Nous avons dit que, lors de la création du bois en 1816, on avait surtout employé le chêne et le bouleau. C’était une faute au point de vue sylvicole aussi bien qu’au point de vue pittoresque, car les essences à feuillage léger, quand elles sont à l’état pur, ont un aspect triste et monotone, et ne végètent jamais aussi bien que quand elles sont mélangées d’arbres à couvert plus épais et plus touffu. On a depuis lors cherché à remédier à cet inconvénient. Outre les abords de l’avenue de l’Impératrice, qui ont été plantés d’arbres résineux de toute espèce, tels qu’araucarias, séquoias, plus noirs, sapinettes bleues, etc., les îles ont été peuplées d’arbres exotiques, et les anciennes routes repiquées en marronniers, tilleuls, sorbiers, vernis du Japon, et autres essences à croissance rapide.

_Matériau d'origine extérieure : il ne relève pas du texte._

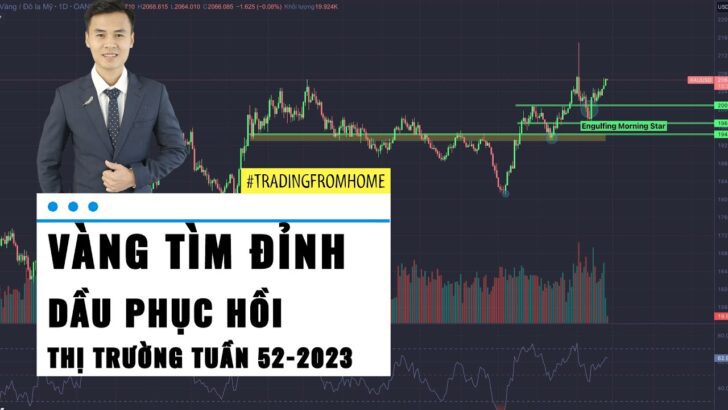 GOLD TÌM ĐỈNH - OIL phục hồi - Thị trường tuần 52-2023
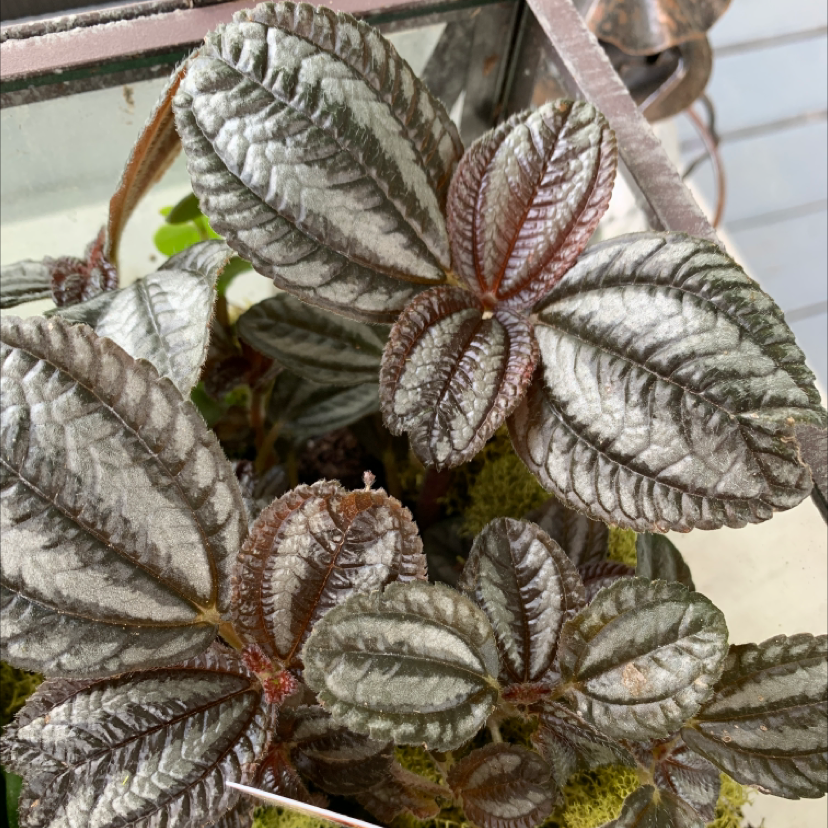 Aluminum Plant plant photo by @Sweetpea94 named Pan am on Greg, the plant care app.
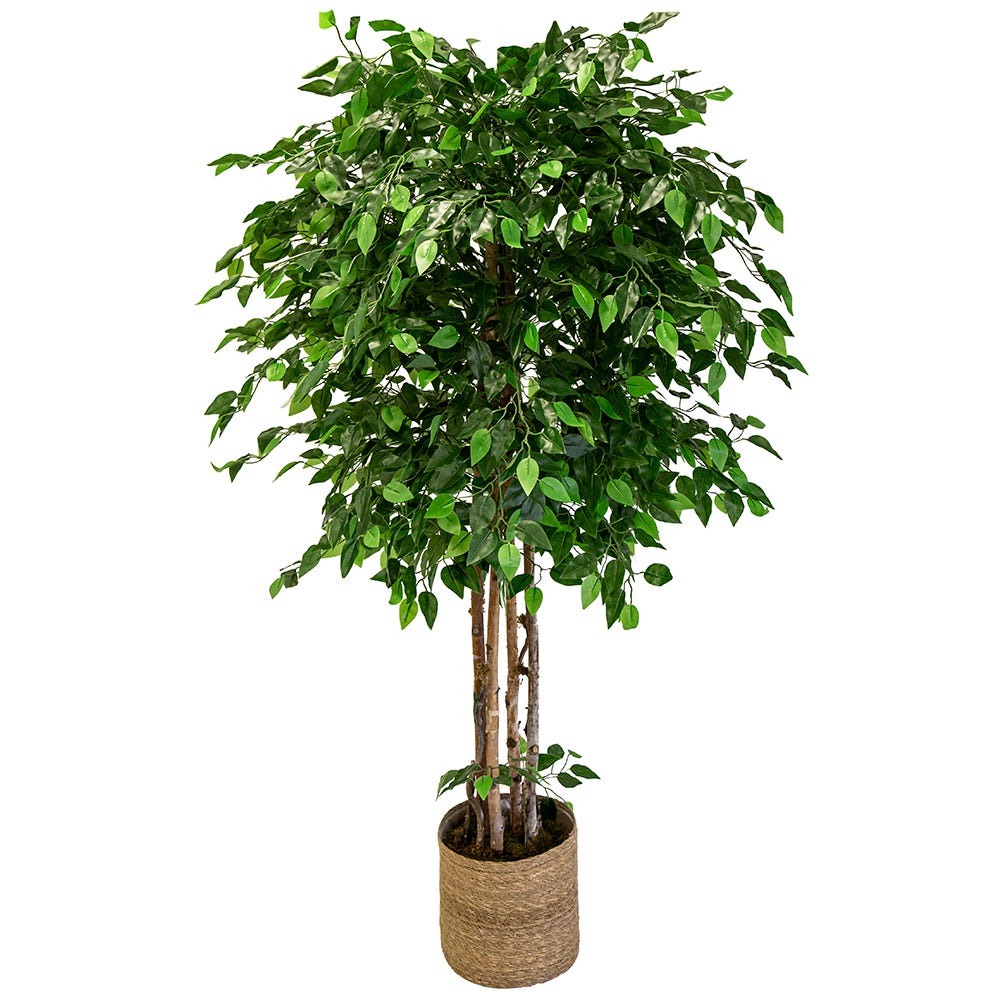 Ficus Artificial Excélsior (190 cm)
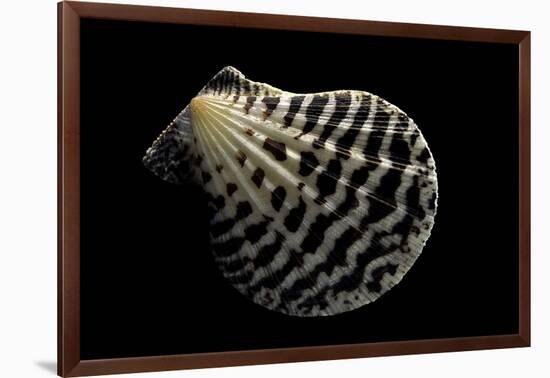 Pecten Lignarius-Paul Starosta-Framed Photographic Print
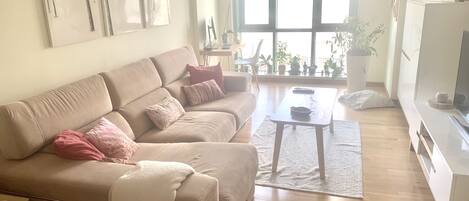 Smart-tv, videospelletjes, een dvd-speler en boeken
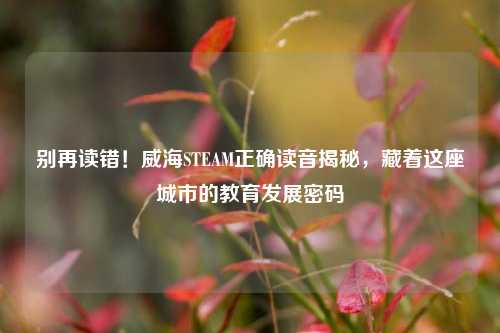 别再读错！威海STEAM正确读音揭秘，藏着这座城市的教育发展密码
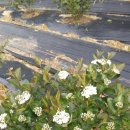 해덕농장 이미지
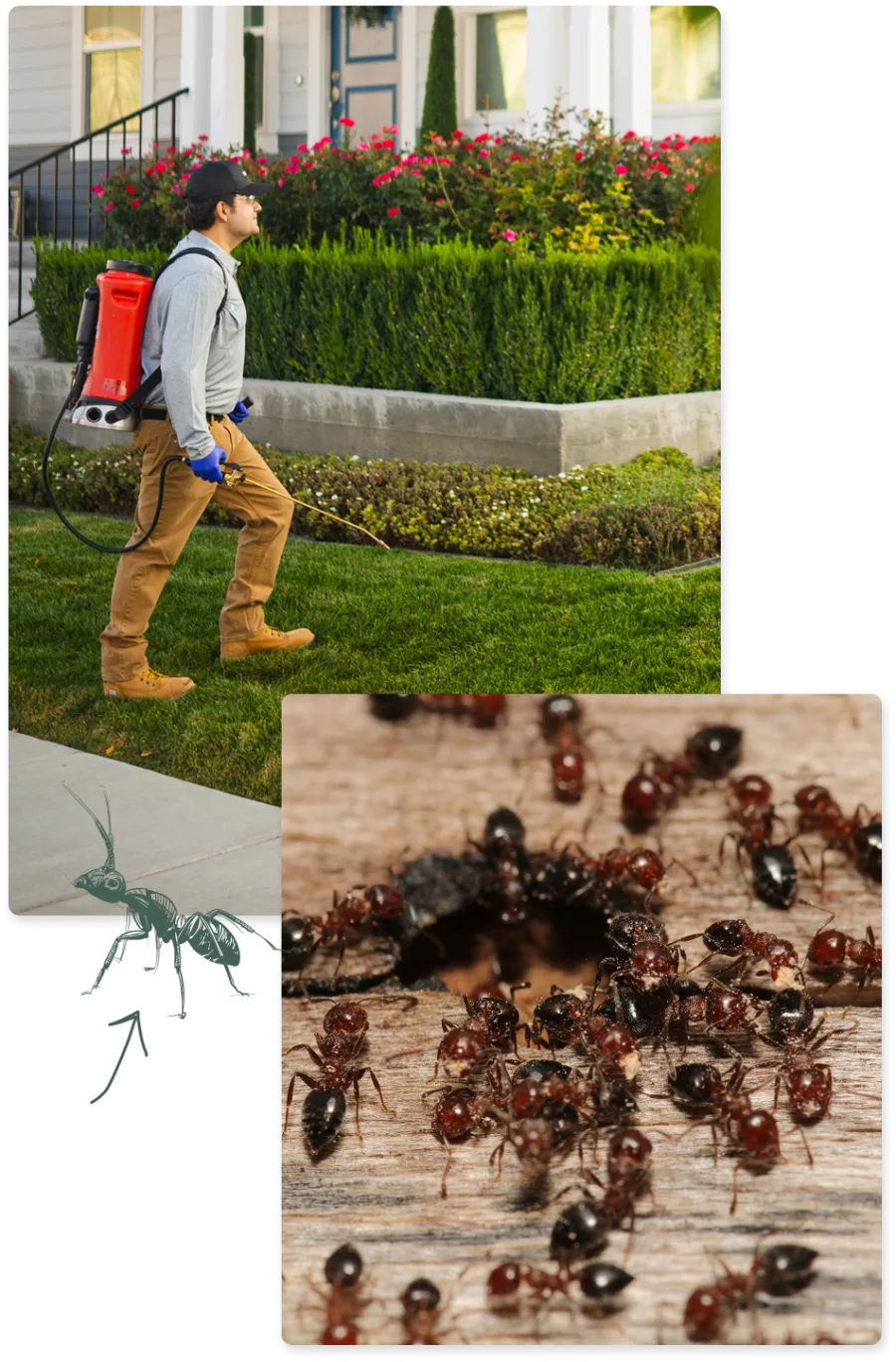 Pest control worker sprays chemicals on lawn to eliminate ants near house with garden and sidewalk.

De plus, on laisse végéter sous l’étage principal des massifs des buissons d’épines, des broussailles, qui contribuent à ombrager le sol, tout en donnant à l’ensemble un aspect plus pittoresque.

Ainsi disposé, le bois de Boulogne est bien supérieur à ce que Londres possède de mieux en ce genre. Les parcs dont les Anglais sont si fiers ne sont le plus souvent que de vastes pelouses de gazon, couvertes de quelques chênes, hêtres, ormes ou marronniers, tantôt épars, tantôt en bouquets, et entrecoupées parfois de pièces d’eau. Au premier coup d’œil, ils plaisent beaucoup à cause du contraste qu’ils présentent avec les maisons enfumées et les pavés boueux de l’immense capitale ; mais ce gazon si vert, si anglais, sans aucune de ces fleurs et de ces plantes qui ornent nos prairies, finit bientôt par paraître monotone. Les pelouses, couvertes d’enfans déguenillés et de moutons qui broutent (car en Angleterre l’utilité ne perd jamais ses droits), sont parfois battues comme une grande route et peu agréables à parcourir. Les pièces d’eau sont mal entretenues, et les barrières souvent en mauvais état. Enfin les arbres sont trop rares, une partie d’entre eux sont déjà morts, et si on ne se hâte de les remplacer, il est à craindre qu’il n’en reste bientôt plus.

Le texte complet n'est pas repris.